具体的なプログラムとしては、営業スキルを向上させるためのロールプレイングゲームや、リーダーシップ研修としてのシミュレーションゲームなどがあり、理論だけでなく実践的なスキルの習得を促し、参加者が主体的に学ぶことができます。

会場装飾・設営関連

会場装飾や設営関連の制作物は、イベントのテーマやブランドイメージを効果的に伝え、参加者の体験を豊かにする役割を担います。

ステージ装飾

ステージ装飾は、イベントのテーマや目的に合わせて空間を演出し、視覚的な印象を高める役割を持ちます。企業イベントではブランドイメージを強調し、エンターテイメントイベントでは没入感を演出するなど、目的に応じたデザインが求められます。

制作の観点では、ステージ全体のレイアウトや装飾素材の選定、演出効果との組み合わせが重要です。たとえば、イベントロゴやスポンサー名を配置したパネルや、照明と連動した装飾、デジタルスクリーンを組み込んだ背景演出などがあり、これらを組み合わせることで、統一感のある空間を作り出すことができます。

また、ステージの規模や構造、会場環境や演目に応じて、視認性や演出効果を最適化する必要もあります。イベントのコンセプトを的確に表現し、参加者に印象づける装飾設計が求められます。

イベント空間のデザイン

イベント空間のデザインは、会場全体の雰囲気を演出し、来場者の体験をより魅力的なものにする役割があります。テーマに合わせで空間をデザインすることで、イベントの世界観を強調し、ブランドの印象を効果的に伝えることができます。

イベントのブランドカラーやロゴを活用した一体感のあるデザインが重要になるなど、会場全体の印象を統一や空間の使い方や視認性の工夫が求められます。

案内や導線のデザイン

イベント会場における導線のわかりやすさを向上させるため、看板やサインのデザインは欠かせません。

来場者を迎え入れる入口では、イベントのテーマや雰囲気を伝えるデザインが重要で、会場内にはプログラムの案内やエリアごとの誘導を行う看板・サインを設置し、スムーズな動線を確保することが重要です。

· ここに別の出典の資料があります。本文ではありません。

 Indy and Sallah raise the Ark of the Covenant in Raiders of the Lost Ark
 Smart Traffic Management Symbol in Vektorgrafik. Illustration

さらに、遠くからでも目に入りやすい天井吊りバナーや、会場の外で視認性を高める屋外フラッグを活用することで、イベントのイメージを効果的に伝え、来場者の利便性向上にもつながります。

印刷物・グッズ関連

イベントにおいて、印刷物やグッズは情報提供や記念品としての役割を果たします。

配布資料

イベントで使用されるパンフレットやリーフレットといった配布資料は、来場者に必要な情報を提供する役割を担います。

制作においては、イベントの概要や出展者情報、プログラムのスケジュールなどを整理し、視認性や携帯性を考慮したフォーマットを選定します。パンフレットは冊子形式で詳細な情報を掲載し、リーフレットは折りたたみ式や一枚ものの形式で簡潔な情報提供に適しています。配布資料の制作では、レイアウトやデザインを調整し、読みやすさとわかりやすさを重視することが求められます。

ポスター・チラシ制作

イベントによっては、告知・集客を目的としたポスターやチラシの制作がおこなわれることもあります。制作の際はターゲット層や配布・掲示場所に応じたデザインや情報設計が重要です。

ポスターは大判サイズで視認性を重視し、商業施設や交通機関の広告スペースなど、人目につきやすい場所に掲示されます。一方、チラシは手渡しや郵送、店舗設置などを想定し、コンパクトで開催日時や魅力が伝わる構成にすることが基本です。また、オンライン連携のためにQRコードを掲載するなど、デジタルメディアと組み合わせて制作されるケースも増えています。

ノベルティ制作

イベントの記念品やプロモーションツールとして活用されるノベルティは、コストや数量、配布方法も考慮しながら、ターゲットに合わせたアイテム選定が重要になります。実用性を重視したTシャツやエコバッグ、タオルなどのグッズ、手軽に配布できるステッカーや缶バッジ、アクリルキーホルダーなど、さまざまな種類のアイテムがあります。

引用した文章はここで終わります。